Die Reaktionen auf den vorliegenden Gesetzesentwurf, der auch der Zustimmung der Grünen oder der FPÖ bedarf, weil es sich um eine Zwei-Drittel-Materie handelt, sind bisher unterschiedlich. Die Vertreter der Erneuerbaren teilen mit, dass sie lieber kein ElWG hätten als dieses. Die Grünen, deren einstige Energieministerin selbst kein derartiges Gesetz zustande brachte und jetzt Parteichefin ist, stoßen in dasselbe Horn. Die großen Energiefirmen sowie Arbeiter- und Wirtschaftskammer geben sich kritisch, aber nicht grundsätzlich ablehnend.
Das Maß an Ablehnung und einige Argumente deuten zum Teil darauf hin, dass man noch Munition zum Nachverhandeln braucht. Es ist aber auch nicht so, dass der Entwurf eine einzige Katastrophe wäre.
Was ist davon zu halten, wenn man keine persönliche Agenda in diesem Zusammenhang hat? Johannes Reichl, wissenschaftlicher Leiter der Abteilung Energiewirtschaft des Energieinstituts an der JKU, sieht im Entwurf eine positive Entwicklung, weil der Fokus nicht eindimensional auf dem Ausbau der erneuerbaren Energieträger liegt, wie dies bisher meistens der Fall war. „Es geht jetzt auch um Versorgungssicherheit und die Gewährleistung der Wettbewerbsfähigkeit. Denn das ist für die Wirtschaft immens wichtig. Europa und vor allem Österreich drohen durch hohe Energiekosten den Anschluss im internationalen Geschäft zu verlieren.“
Die Frage ist freilich, ob das Gesetz dazu beiträgt, dass Energie billiger wird. Beim Arbeitspreis sei Österreich doch sehr stark vom europäischen Gesamtmarkt abhängig. „Zu erwarten, dass sich dieser Preis nun erdrutschartig nach unten bewegt, ist unrealistisch“, sagt Reichl.
„Ein Kompromissgesetz“
Fritz Pöttinger, Chef der Energie Ried, sagt, eine deutliche Kostensenkung in diesem Bereich sei nur mit einem Aussetzen des Merit-Order-Mechanismus möglich, bei dem das teuerste Kraftwerk am Netz den Preis bestimmt. Da derzeit die Nachfrage schwächelt, gebe es eine Chance für eine Senkung. Ziehe die Nachfrage an, würde auch der Preis wieder steigen. Der vorliegende Entwurf sei freilich ein Kompromissgesetz, von dem keine großen Preissenkungen zu erwarten seien, sagt Pöttinger zu den OÖNachrichten.

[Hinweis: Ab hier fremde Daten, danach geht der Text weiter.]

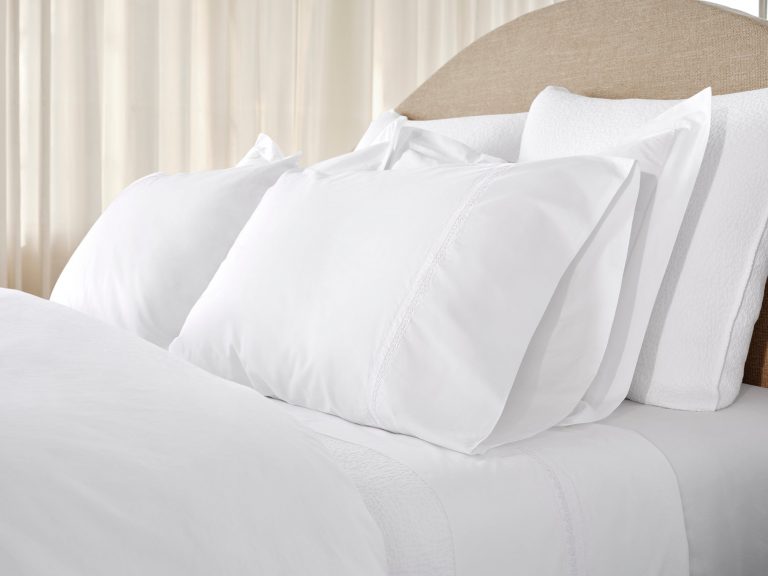 Refined Organic Percale Sheet Set image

Während die Vertreter der Erneuerbaren im Umstand, dass Stromerzeuger für die Einspeisung zahlen müssen, eine Stromverteuerung sehen, sagt Pöttinger, diese Branche sei von hohen Förderungen verwöhnt gewesen. Dass es Spitzenkappungen geben wird, um das Netz zu entlasten, sei wichtig.
Reichl begrüßt zudem, dass es wichtiger und auch lukrativer wird, bewusster Strom zu verbrauchen und ins Netz einzuspeisen. Selbst kleine finanzielle Anreize würden einen Lenkungseffekt haben. „Derzeit zahlen sich Home Automation und Lademanagement noch nicht wirklich aus.“ Dass die Kosten für die Netze steigen, sei wahrscheinlich. Allerdings könne das geplante Gesetz dazu beitragen, dass die Kosten nicht so stark steigen wie befürchtet.

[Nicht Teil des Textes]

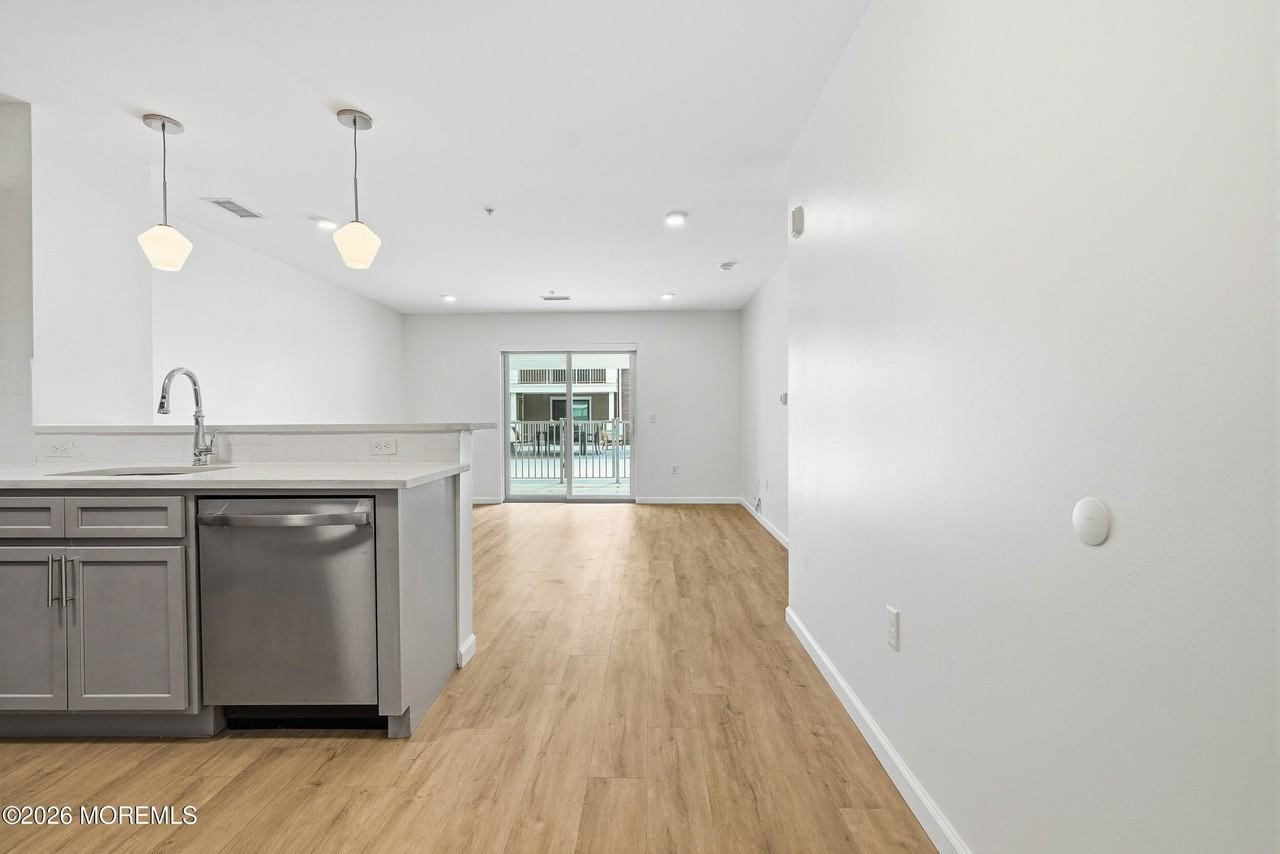 165 Pavilion Ave #210 - Photo 4 of 15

Das Gesetz sieht auch einen Sozialtarif von sechs Cent für die Kilowattstunde bis zu einem Jahresverbrauch von 2900 kWh vor. Das wiederum ruft bei den Stromfirmen Irritation hervor, weil dies ihren Gewinn schmälert, den sie für den Ausbau der Stromerzeugung bräuchten.
Auch die Vorgabe, dass Stromversorger leistbaren Strom als Unternehmensmaxime haben sollten, ruft bei manchen Kopfschütteln hervor. Wie soll das durchgesetzt werden? Was sagen die nichtstaatlichen Miteigentümer dazu? Das wäre ja eine Teilenteignung.
Es muss also noch einiges geklärt werden bei diesem Gesetz. Das betrifft nicht nur den billigen Marketingschmäh.